**What to produce**
Verbatim reproduction of the entries is required; images must be omitted.

**Records provided**
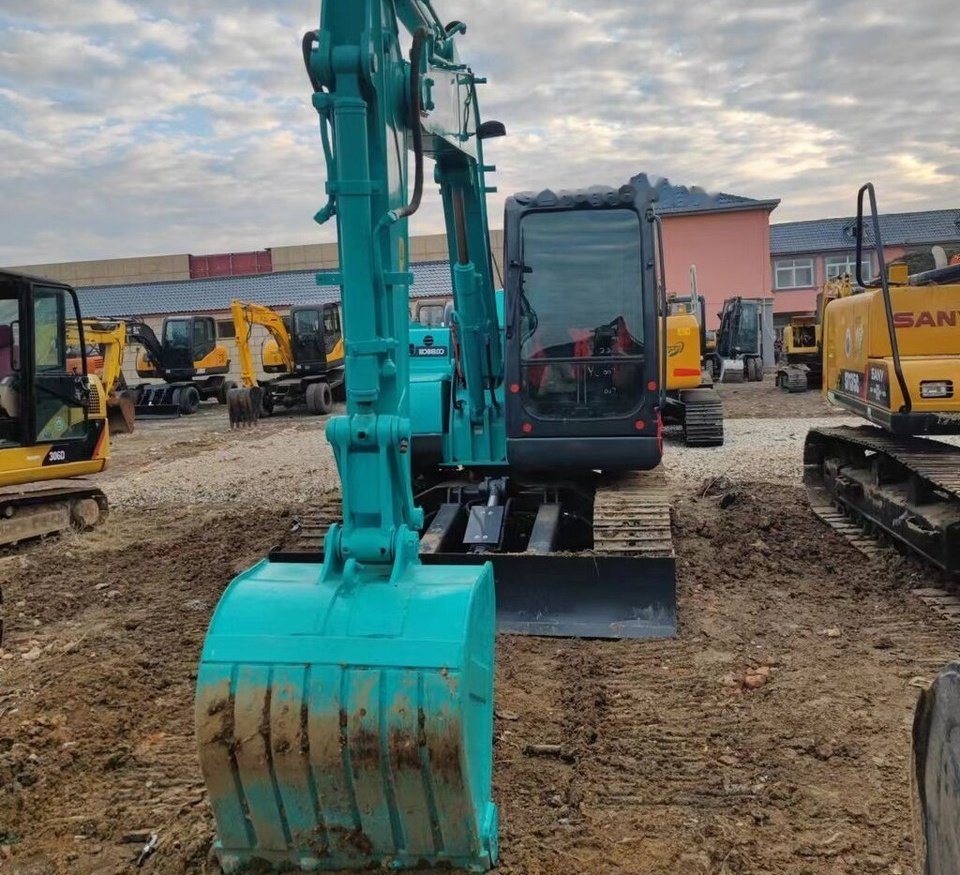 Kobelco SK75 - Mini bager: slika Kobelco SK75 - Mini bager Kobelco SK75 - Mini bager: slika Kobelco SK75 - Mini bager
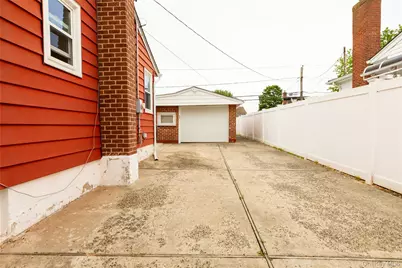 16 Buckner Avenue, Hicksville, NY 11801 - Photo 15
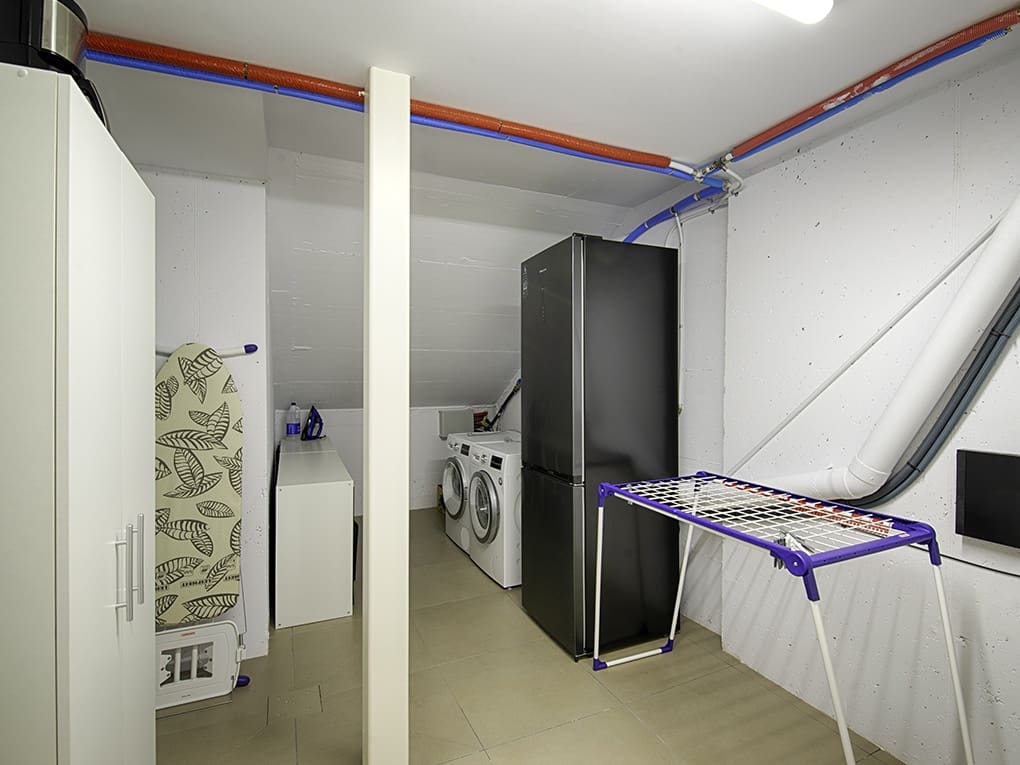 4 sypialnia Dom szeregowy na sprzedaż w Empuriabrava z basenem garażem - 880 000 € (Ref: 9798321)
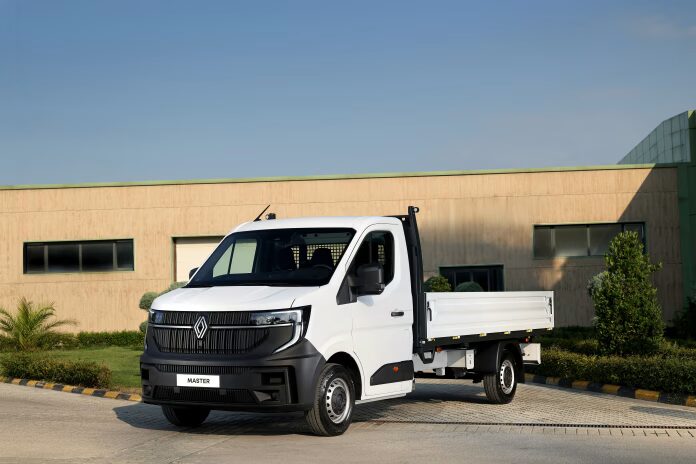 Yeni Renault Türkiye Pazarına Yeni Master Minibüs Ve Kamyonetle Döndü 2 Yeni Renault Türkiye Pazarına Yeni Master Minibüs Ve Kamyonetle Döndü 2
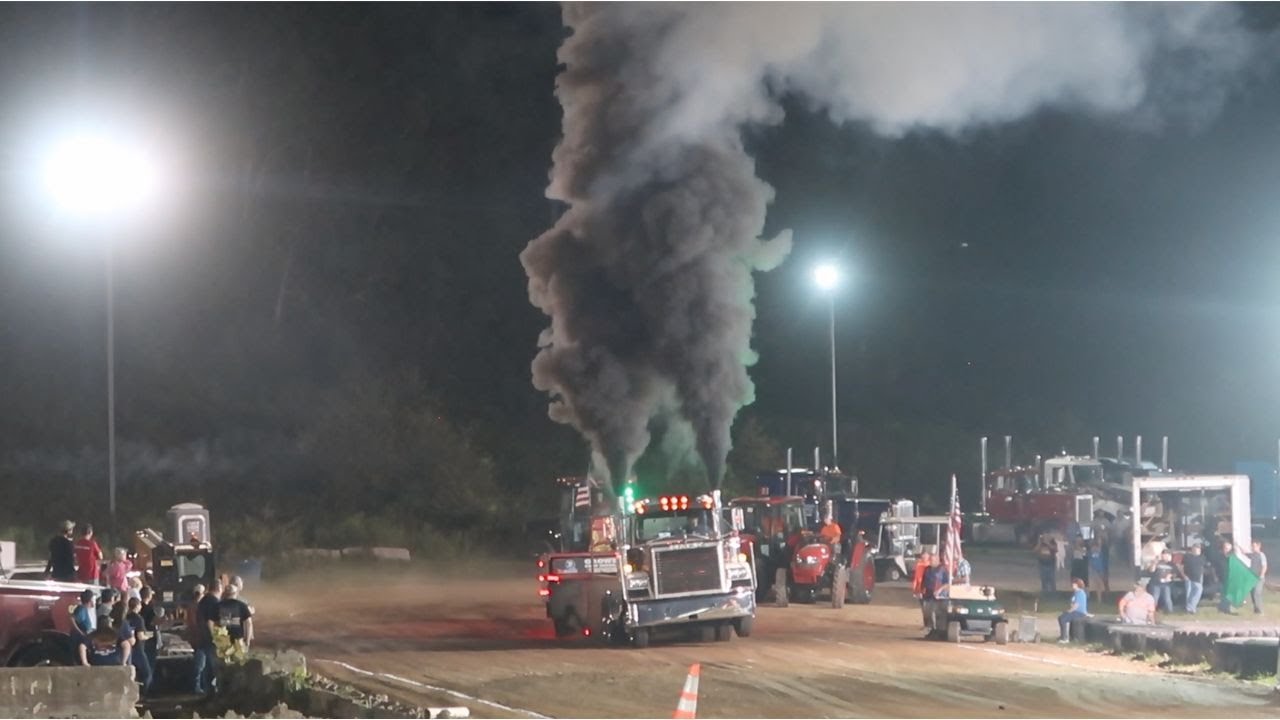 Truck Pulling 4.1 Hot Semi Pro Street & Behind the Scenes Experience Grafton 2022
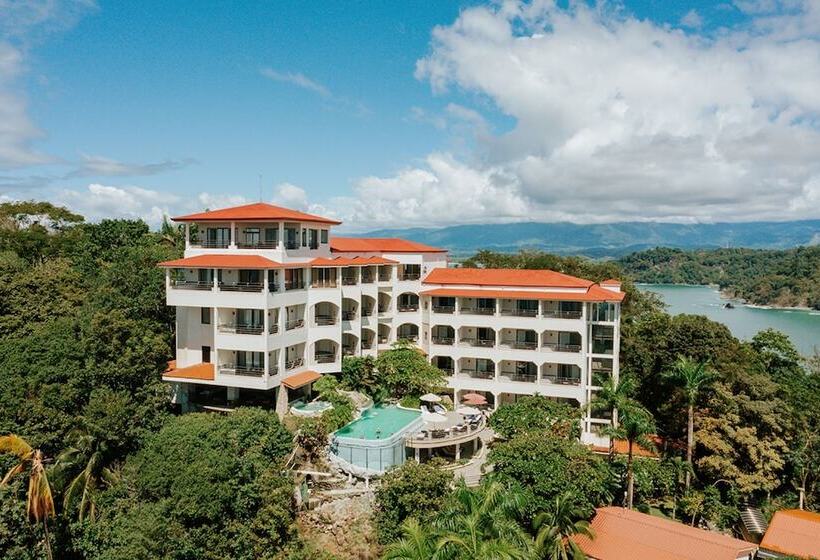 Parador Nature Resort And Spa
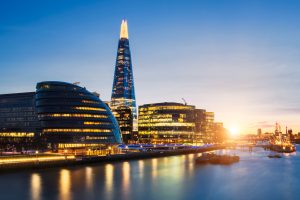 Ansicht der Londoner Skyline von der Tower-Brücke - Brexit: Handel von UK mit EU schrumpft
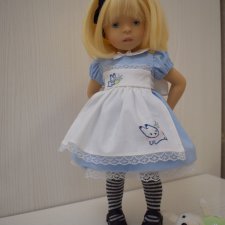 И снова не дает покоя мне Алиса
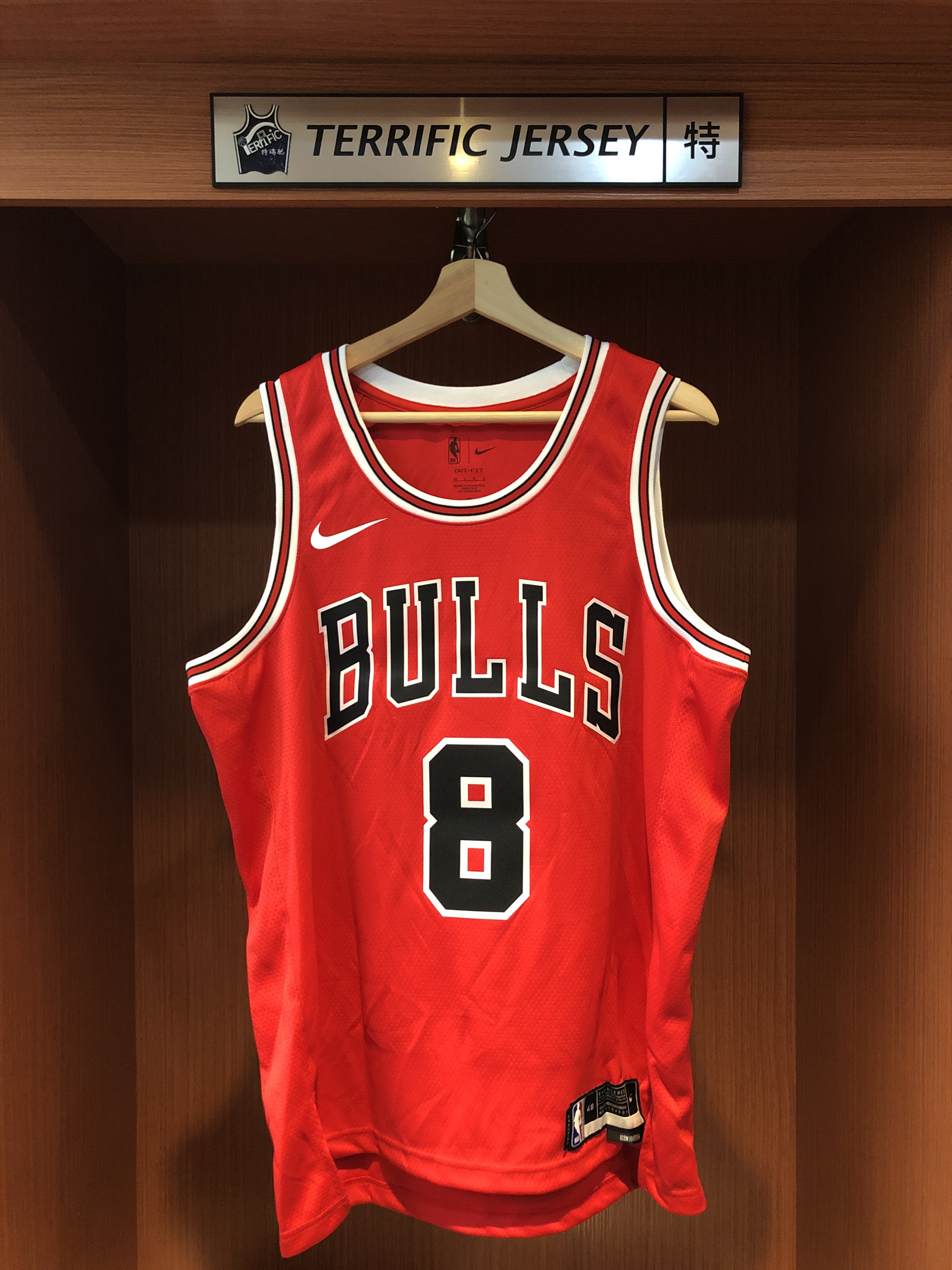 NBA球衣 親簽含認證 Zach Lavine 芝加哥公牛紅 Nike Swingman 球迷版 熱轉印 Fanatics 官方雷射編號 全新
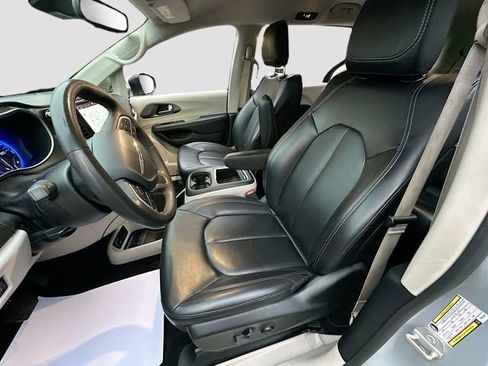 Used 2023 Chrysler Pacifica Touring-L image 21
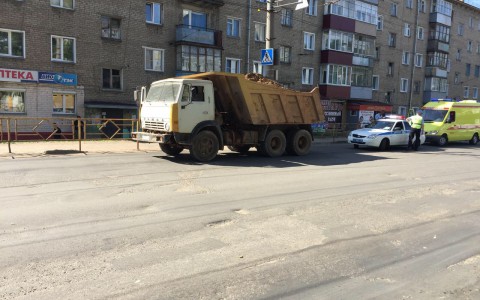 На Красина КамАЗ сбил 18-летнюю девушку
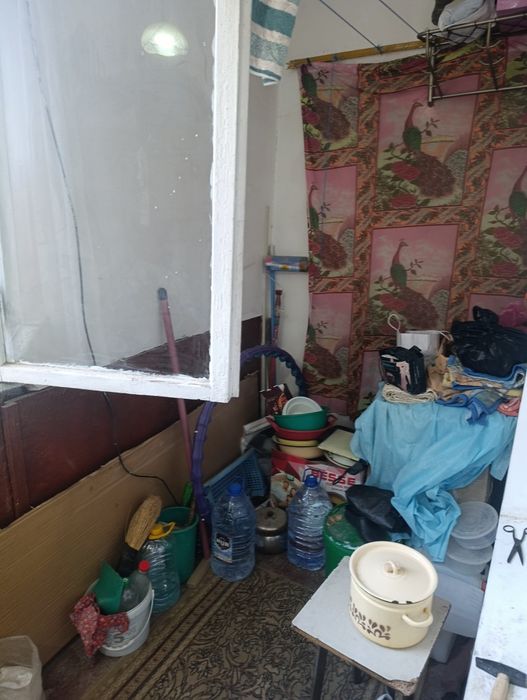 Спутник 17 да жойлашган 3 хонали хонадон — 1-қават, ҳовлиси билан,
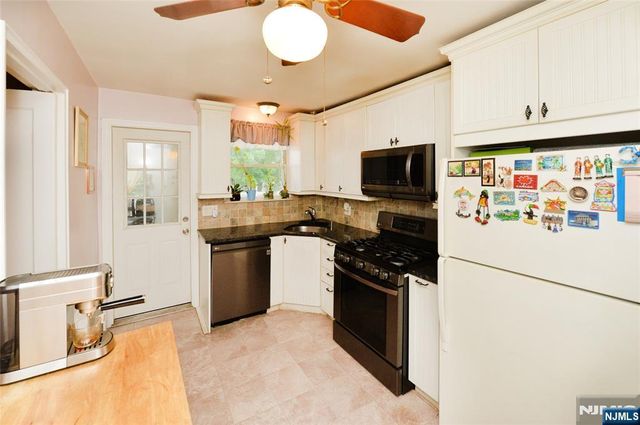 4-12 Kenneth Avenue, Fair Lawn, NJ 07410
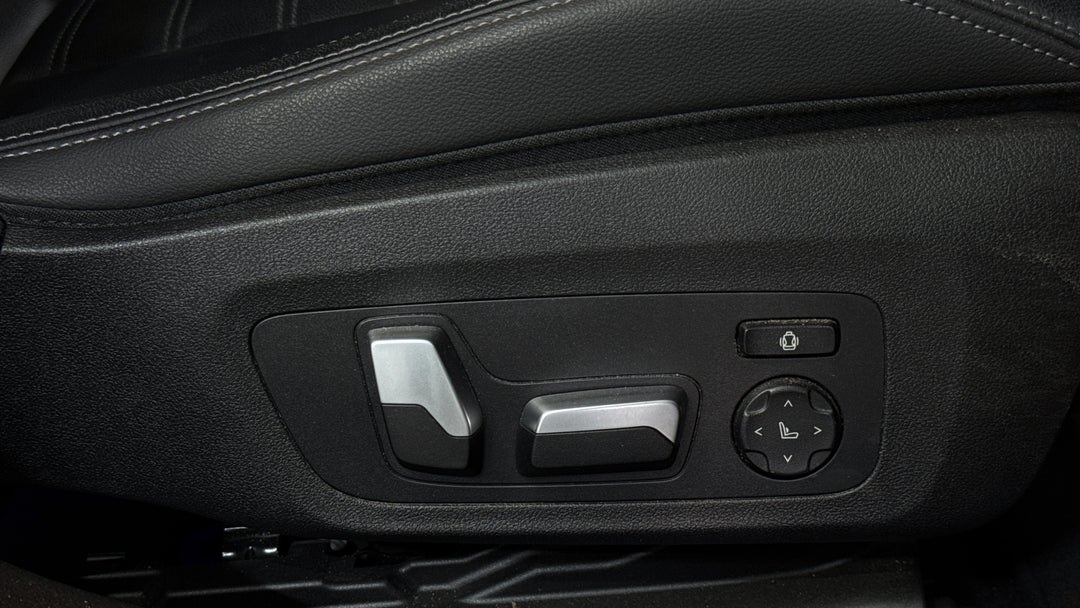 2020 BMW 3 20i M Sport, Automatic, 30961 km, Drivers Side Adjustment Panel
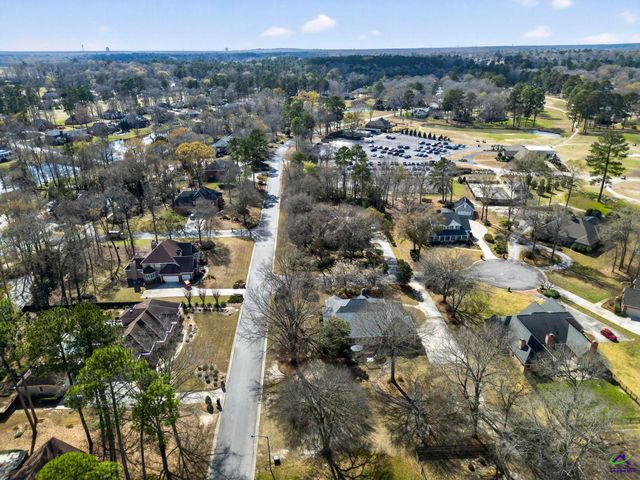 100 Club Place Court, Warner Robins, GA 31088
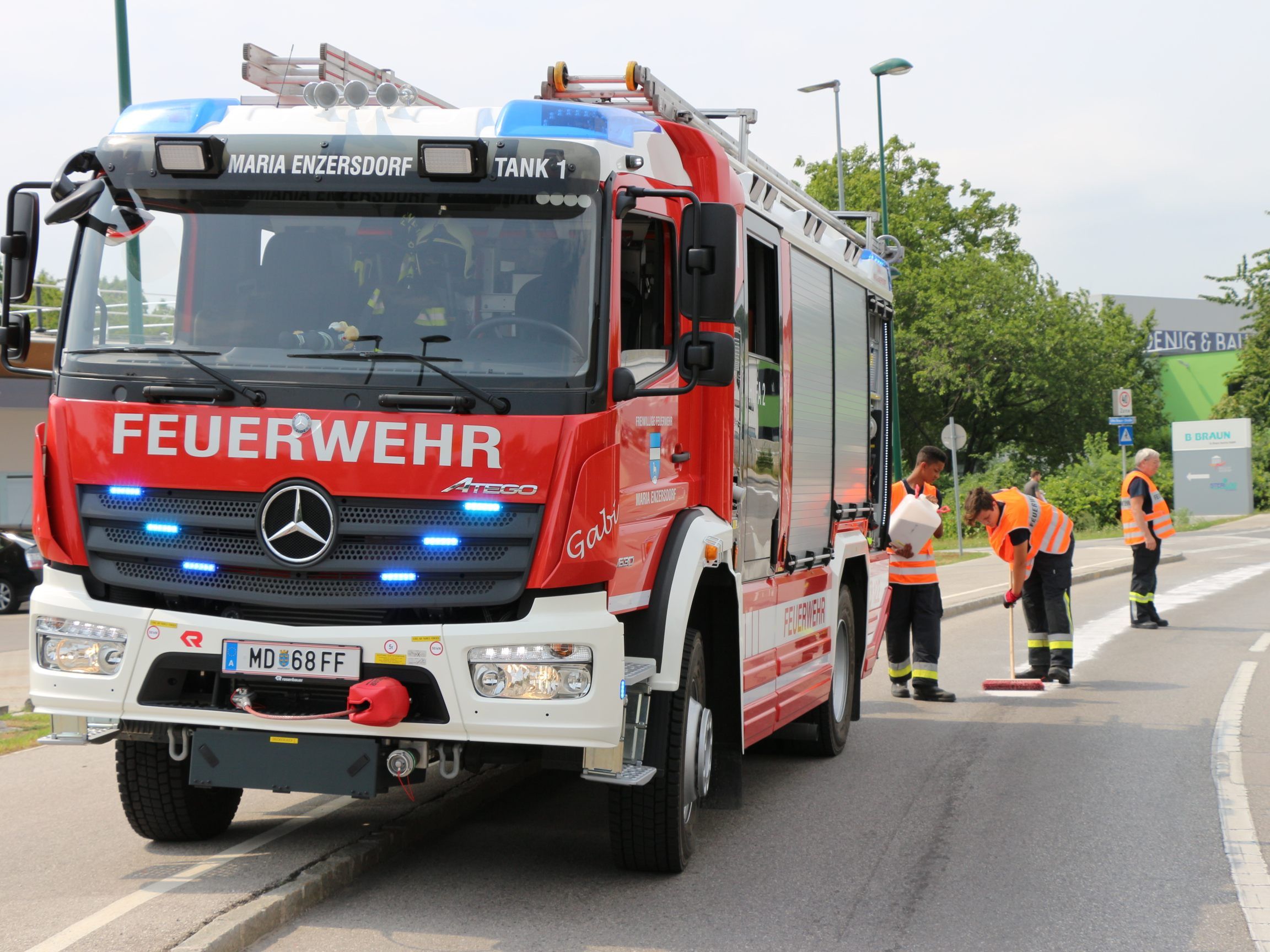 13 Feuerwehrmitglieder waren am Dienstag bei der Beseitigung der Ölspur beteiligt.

**Answer for this exercise**
 Kobelco SK75 - Mini bager: slika Kobelco SK75 - Mini bager Kobelco SK75 - Mini bager: slika Kobelco SK75 - Mini bager
 16 Buckner Avenue, Hicksville, NY 11801 - Photo 15
 4 sypialnia Dom szeregowy na sprzedaż w Empuriabrava z basenem garażem - 880 000 € (Ref: 9798321)
 Yeni Renault Türkiye Pazarına Yeni Master Minibüs Ve Kamyonetle Döndü 2 Yeni Renault Türkiye Pazarına Yeni Master Minibüs Ve Kamyonetle Döndü 2
 Truck Pulling 4.1 Hot Semi Pro Street & Behind the Scenes Experience Grafton 2022
 Parador Nature Resort And Spa
 Ansicht der Londoner Skyline von der Tower-Brücke - Brexit: Handel von UK mit EU schrumpft
 И снова не дает покоя мне Алиса
 NBA球衣 親簽含認證 Zach Lavine 芝加哥公牛紅 Nike Swingman 球迷版 熱轉印 Fanatics 官方雷射編號 全新
 Used 2023 Chrysler Pacifica Touring-L image 21
 На Красина КамАЗ сбил 18-летнюю девушку
 Спутник 17 да жойлашган 3 хонали хонадон — 1-қават, ҳовлиси билан,
 4-12 Kenneth Avenue, Fair Lawn, NJ 07410
 2020 BMW 3 20i M Sport, Automatic, 30961 km, Drivers Side Adjustment Panel
 100 Club Place Court, Warner Robins, GA 31088
 13 Feuerwehrmitglieder waren am Dienstag bei der Beseitigung der Ölspur beteiligt.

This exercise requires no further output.